With no images included, output each entry below exactly as it appears.

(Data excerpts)
┌──

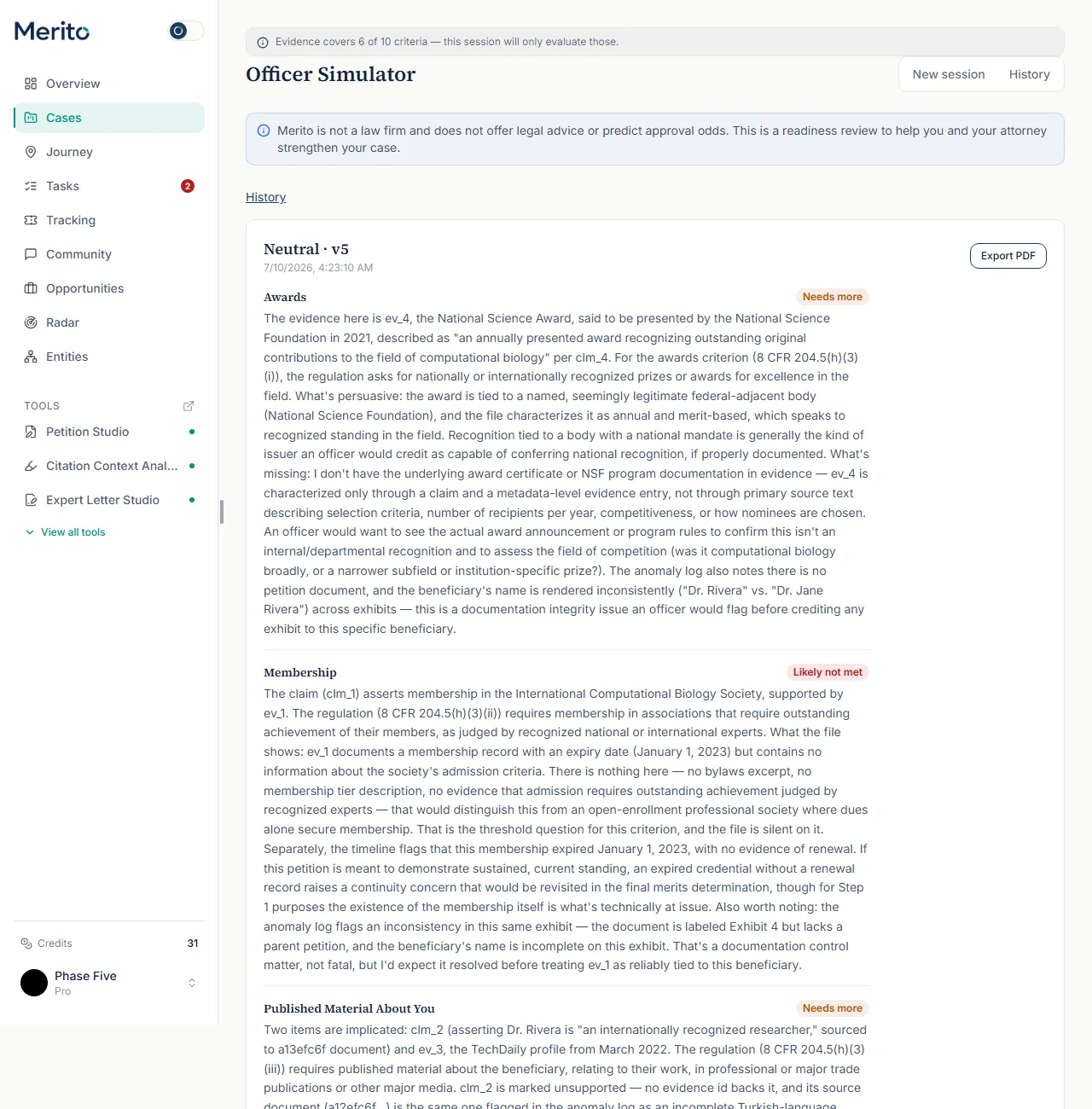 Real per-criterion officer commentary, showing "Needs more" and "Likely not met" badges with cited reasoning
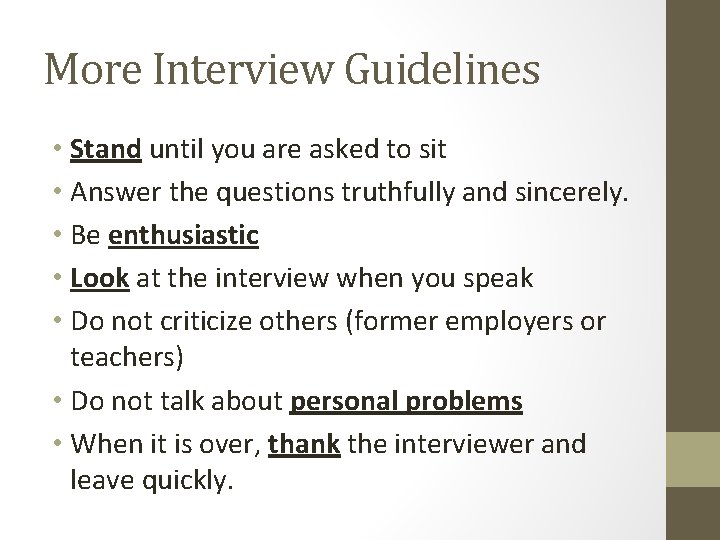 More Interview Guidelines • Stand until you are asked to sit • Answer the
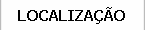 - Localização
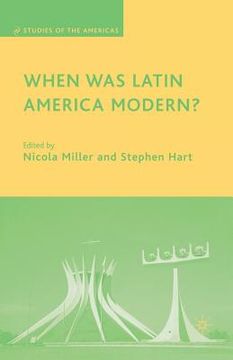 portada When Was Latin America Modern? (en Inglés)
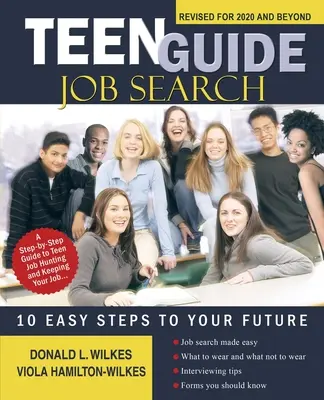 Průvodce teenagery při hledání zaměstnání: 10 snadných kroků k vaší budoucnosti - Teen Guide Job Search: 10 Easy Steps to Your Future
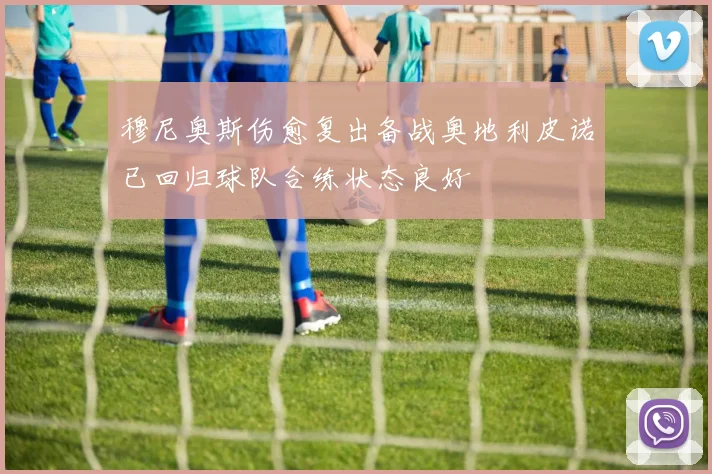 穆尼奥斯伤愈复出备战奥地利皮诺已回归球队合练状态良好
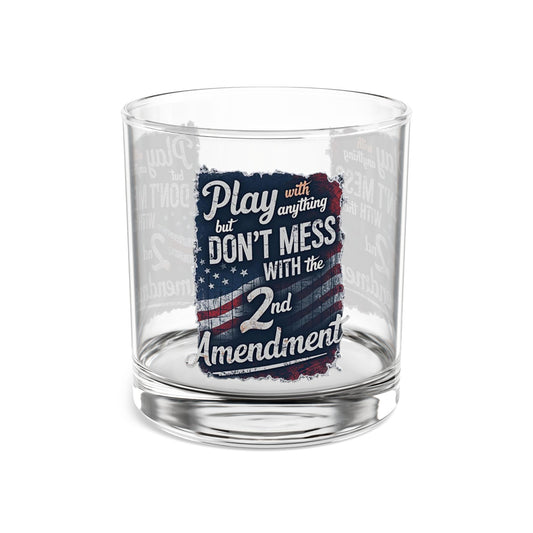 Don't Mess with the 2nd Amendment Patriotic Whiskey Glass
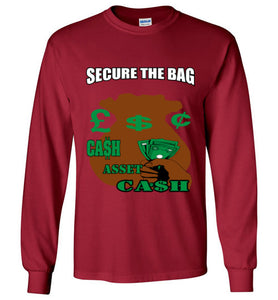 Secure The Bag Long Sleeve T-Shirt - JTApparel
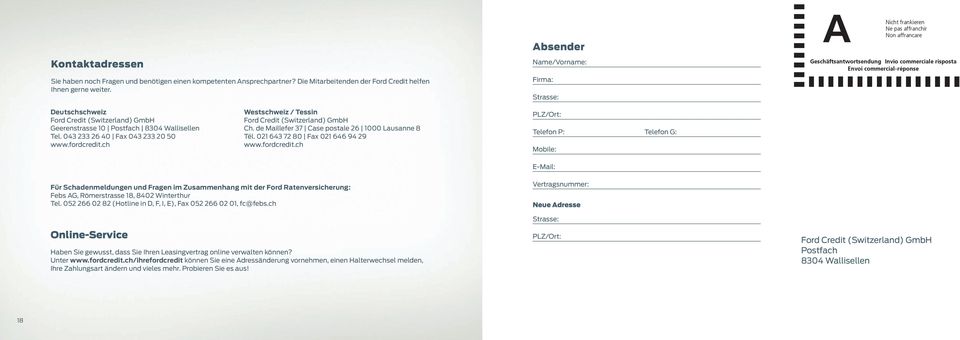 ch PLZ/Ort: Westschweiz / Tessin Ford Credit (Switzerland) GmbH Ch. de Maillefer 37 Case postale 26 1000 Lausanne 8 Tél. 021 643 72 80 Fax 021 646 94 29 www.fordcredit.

└──

**Completed exercise**
 Real per-criterion officer commentary, showing "Needs more" and "Likely not met" badges with cited reasoning
 More Interview Guidelines • Stand until you are asked to sit • Answer the
 - Localização
 portada When Was Latin America Modern? (en Inglés)
 Průvodce teenagery při hledání zaměstnání: 10 snadných kroků k vaší budoucnosti - Teen Guide Job Search: 10 Easy Steps to Your Future
 穆尼奥斯伤愈复出备战奥地利皮诺已回归球队合练状态良好
 Don't Mess with the 2nd Amendment Patriotic Whiskey Glass
 Secure The Bag Long Sleeve T-Shirt - JTApparel
 ch PLZ/Ort: Westschweiz / Tessin Ford Credit (Switzerland) GmbH Ch. de Maillefer 37 Case postale 26 1000 Lausanne 8 Tél. 021 643 72 80 Fax 021 646 94 29 www.fordcredit.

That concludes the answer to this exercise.